Both pads are similar and are equipped with a fixed umbilical tower, underground flame deflector trenches and ducts. Similarly to what happens at the other Chinese launch centers, the umbilical towers have swing arms to allow technicians to access and inspect the launch vehicle and payload.

The launch pads are served by two vehicle assembly and integration buildings. Launch Complex LC101 is served by Building 501 while Launch Complex LC201 is served by Building 502. Each building is 99.4 meters tall permitting the assembly and testing of the launch vehicle in a full, vertical stacked position.

This is a new approach to the launch vehicle preparation for flight because at the other Chinese launch centers the launchers are stacked and tested for flight at the launch platforms.

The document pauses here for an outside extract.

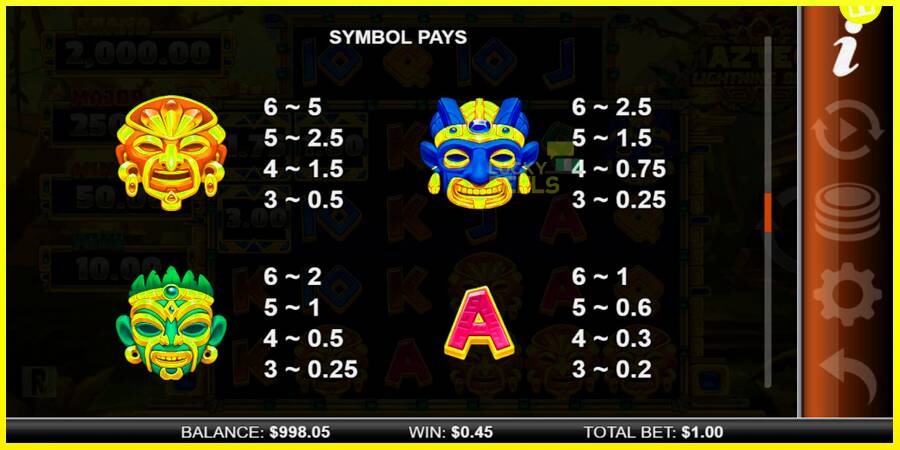 Aztec Lightning Blitz מכונת משחק לכסף, תְמוּנָה 5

After being stacked at the vehicle assembly and integration building at the top of a mobile launch platform, the rocket is rolled to the launch pad.

The journey takes several minutes to cover the 2,800 meters separating the vehicle assembly and integration buildings, and the launch pads.

After arriving at the launch pads, the mobile structure is then placed above the flame trench and the necessary umbilical connections between the fixed structures and the mobile platform are established ahead of the flow to launch.

The new launch complex provides additional versatility that isn’t available at the other three launch sites. Wencheng also allows for an increase in performance for the launch vehicles gained from Earth’s rotational because is closer to the Earth equator. This reduces the amount of propellants required for the satellite’s maneuvers from the transit orbit to GEO.

Also, the launch vehicle can fly from the launch site to the southeast direction into the South Pacific, avoiding the possibility of rocket debris falling into any populated area – which has occurred during numerous Chinese launches.